MVSS: Michigan Visual Sonification System

Jason Clemons; Sid Yingze Bao; Silvio Savarese; Todd Austin; Vinay Sharma

doi:10.1109/ESPA.2012.6152466

MVSS: Michigan Visual Sonification System

Clemons, Jason, Bao, Sid Yingze, Savarese, Silvio, Austin, Todd, Sharma, Vinay

Source

2012 IEEE International Conference on Emerging Signal Processing Applications > 143 - 146

Abstract

Visual Sonification is the process of converting visual properties of objects into sound signals. This paper describes the Michigan Visual Sonification System (MVSS) that utilizes this process to assist the visually impaired in distinguishing different objects in their surroundings. MVSS uses depth information to first segment and localize salient objects and then represents an object's appearance using histograms of visual features. A dictionary of invariant visual features (or words) is created in an a-priori off-line learning phase using Bag-of-Words modeling.

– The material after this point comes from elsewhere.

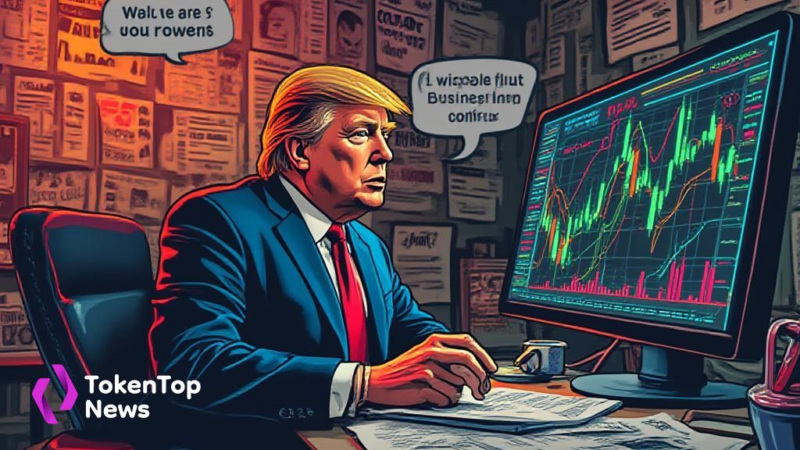 TRUMP Tokens Worth $20.4M Transferred to Binance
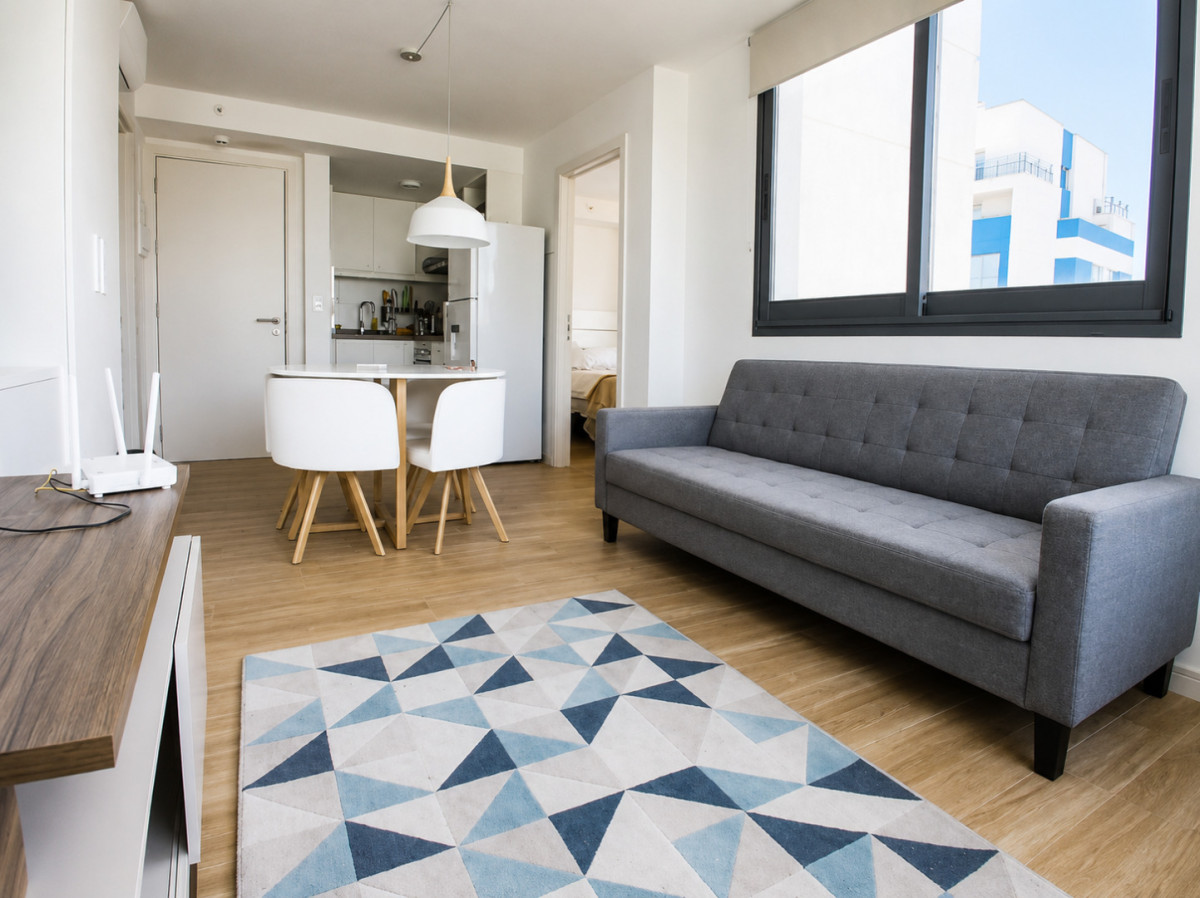 Apartamento ID.465 - Sea Garden 1 dormitorio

The histogram of a segmented object is then converted to a sound signal, the volume and 3D placement of which is determined by the relative position of the object with respect to the user. The system then relies on the considerable discriminating power of the human brain to localize and “classify” the sound, thus enabling the user to distinguish between visually distinct object classes. This paper describes the different components of MVSS in detail and presents some promising initial experimental results.